Now it is important to note that an ancestral diet may not be suited to everyone. If you are someone from a colder region whose people traditionally consumed diets high in fatty meats but you have moved to sunny Italy. Then it would be best to take into consideration both your body's evolutionary physiology and your current climate. A high fat diet meant to provide your body energy to keep you warm, may make you feel overheated and sluggish in hotter regions.

Additionally, in today's day and age we have a better understanding of the nutrients our bodies need than our ancestors did, thanks to modern science. Back in the day, people were often malnourished, not consuming enough vital nutrients and vitamins. So, it would be best not to follow your ancestors' eating patterns to the letter. Whilst the UK did not traditionally grow or consume citrus fruits, we must still make sure we are consuming a sufficient intake of Vitamin C. As the ancestral diet does not take into consideration a person's precise vitamin and mineral needs, it is best to follow a diet plan based on your own blood chemistry.

It is important to be aware of the potential risks of any diet, especially if you are concerned that, based on your ancestral history, that diet may be lacking in certain vital nutrients or food groups.

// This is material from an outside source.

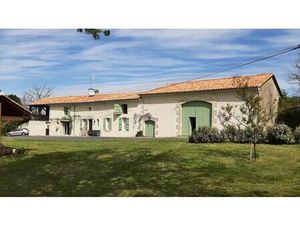 Grande maison de campagne  à proximité des commodités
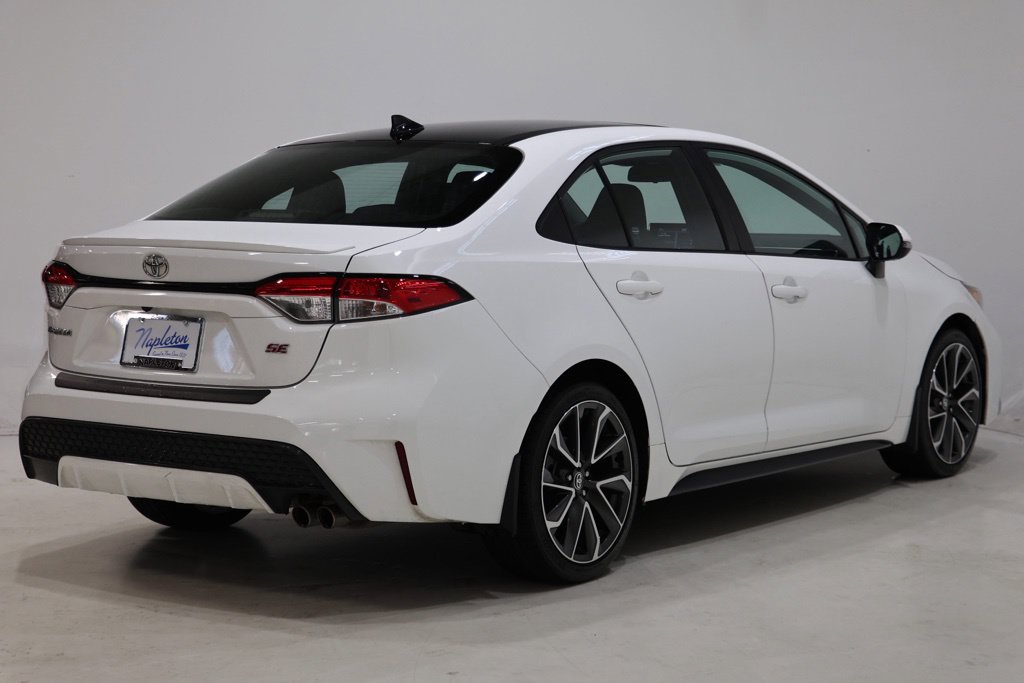 Used 2022 Toyota Corolla SE w/ SE Premium Package FWD image 7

Based on your own body, or if you have moved abroad, an ancestral diet may not be suited to everyone. It is always best to proceed with caution and seek professional guidance before making any drastic changes.


In conclusion, is the Ancestral diet a perfect guide on how to eat? No. But it doesn’t pretend to be. Functional Medicine Practitioner and Dietitian Marieke Rodenstein from the Nutrition Practice says it is important to remember that the ancestral diet is not a rigid ideology that must be followed to the letter. It is flexible and guides you more on foods to avoid, then which foods to necessarily eat. But even the list of what to avoid is not a set of fixed, unbreakable rules. You can still eat the occasional donut. Rigidly categorising foods into ‘good’ and ‘bad’ can increase anxiety towards food and amplify eating disorders.

There is no perfect diet but if you are someone looking to reduce your risk of inflammatory diseases, increase your spirituality and reclaim your food sovereignty, or to reduce your carbon footprint by shopping for locally grown foods, then the ancestral diet may be right for you.